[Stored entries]
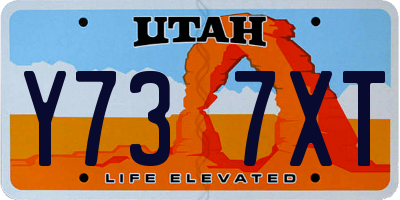 UT license plate Y737XT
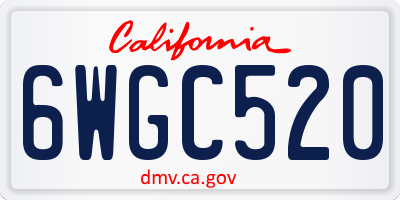 CA license plate 6WGC520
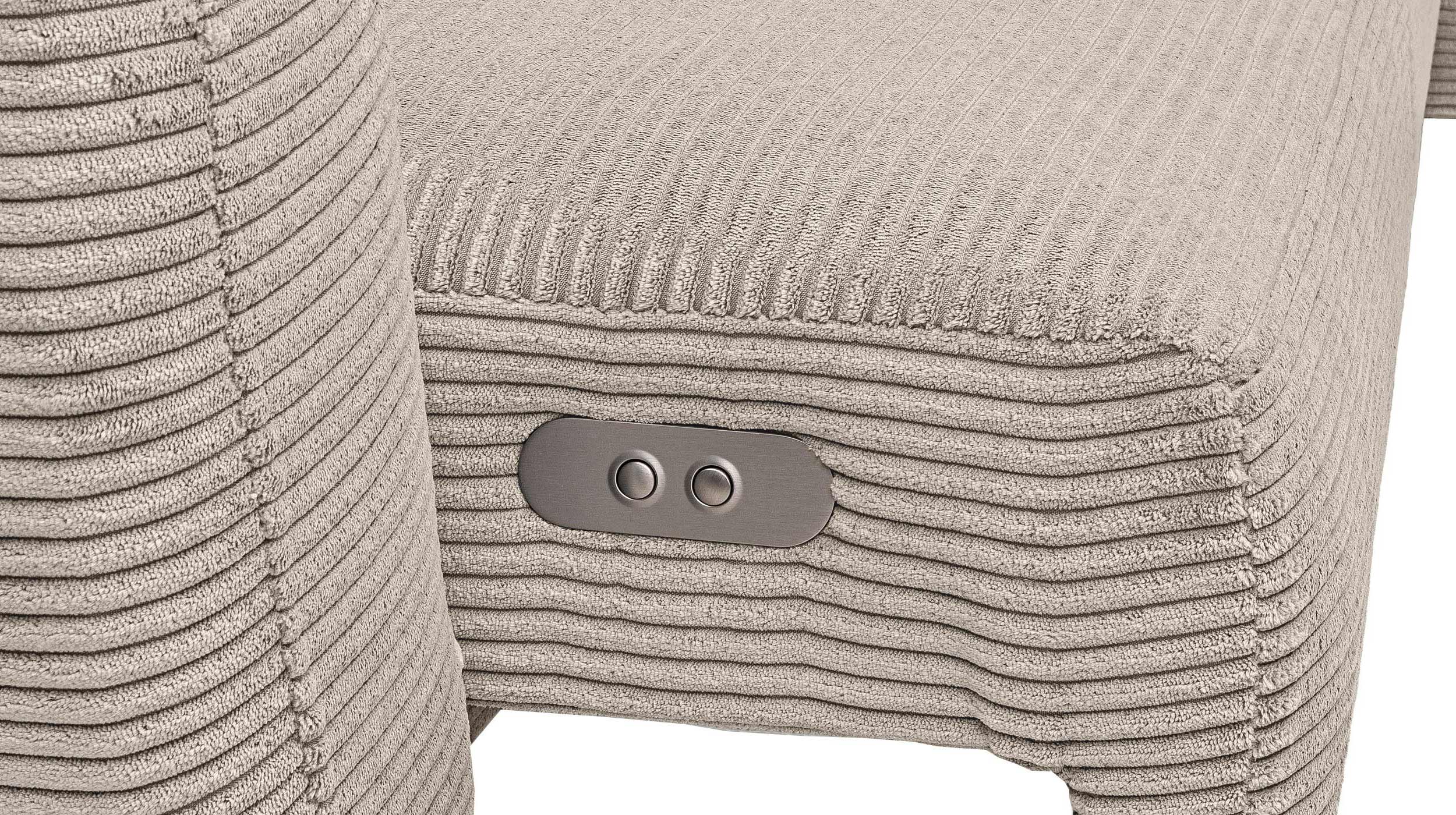 Ecksofa Cord beige elektrisch ausfahrbar 277 cm - OT- rechts - ALISSON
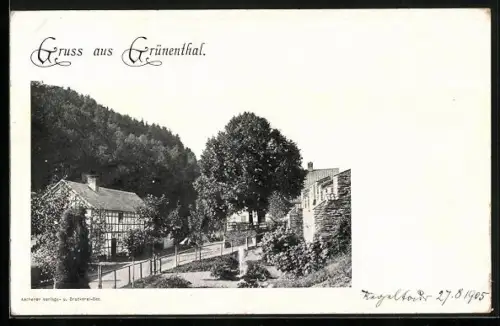 AK Aachen, Grünenthal, Fachwerkhaus im Ort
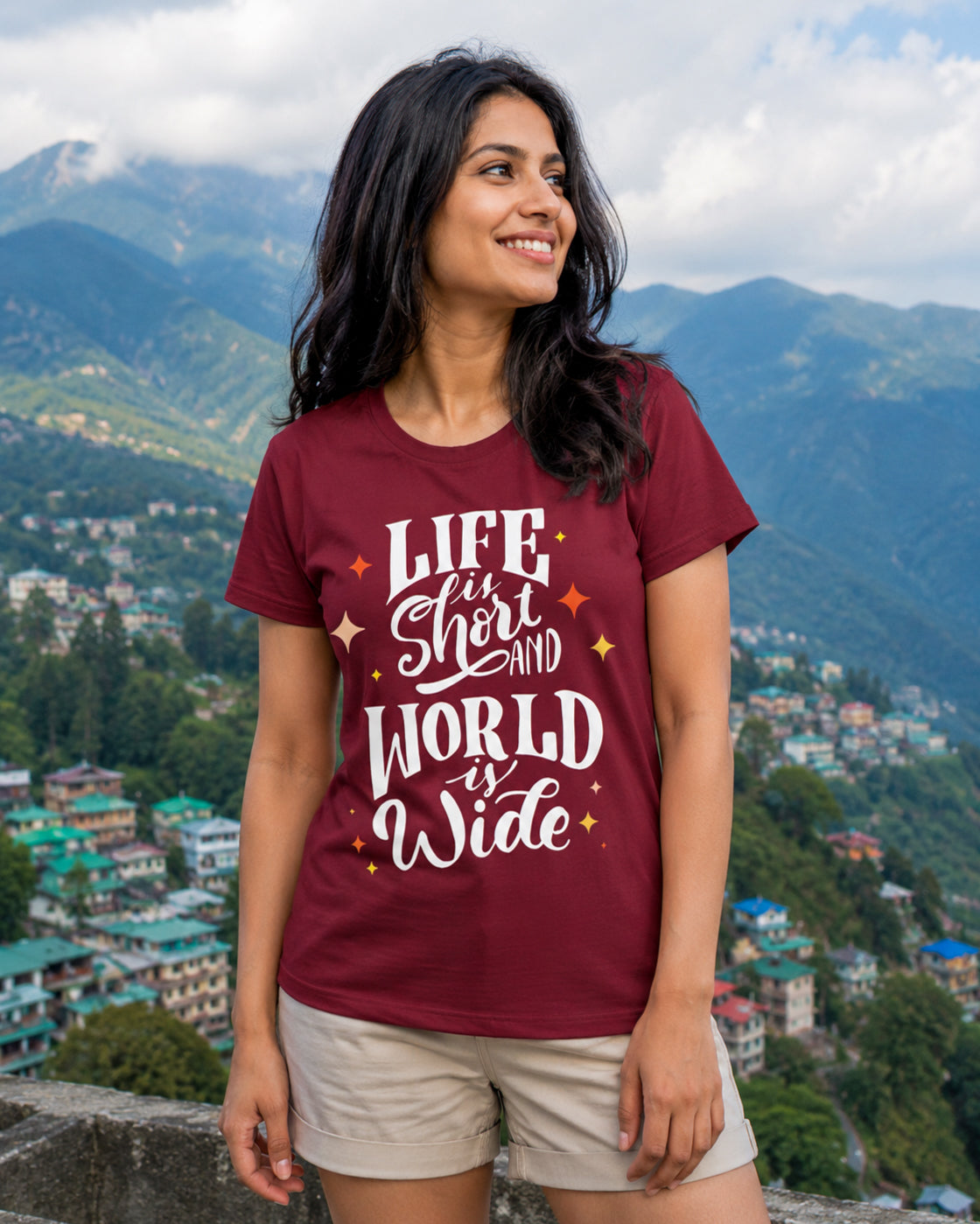 Life is Short and World is Wide Women's Quote T-shirt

■ Problem statement
Drop every image, please, and write out the data above exactly as shown.

■ Solution for this problem
 UT license plate Y737XT
 CA license plate 6WGC520
 Ecksofa Cord beige elektrisch ausfahrbar 277 cm - OT- rechts - ALISSON
 AK Aachen, Grünenthal, Fachwerkhaus im Ort
 Life is Short and World is Wide Women's Quote T-shirt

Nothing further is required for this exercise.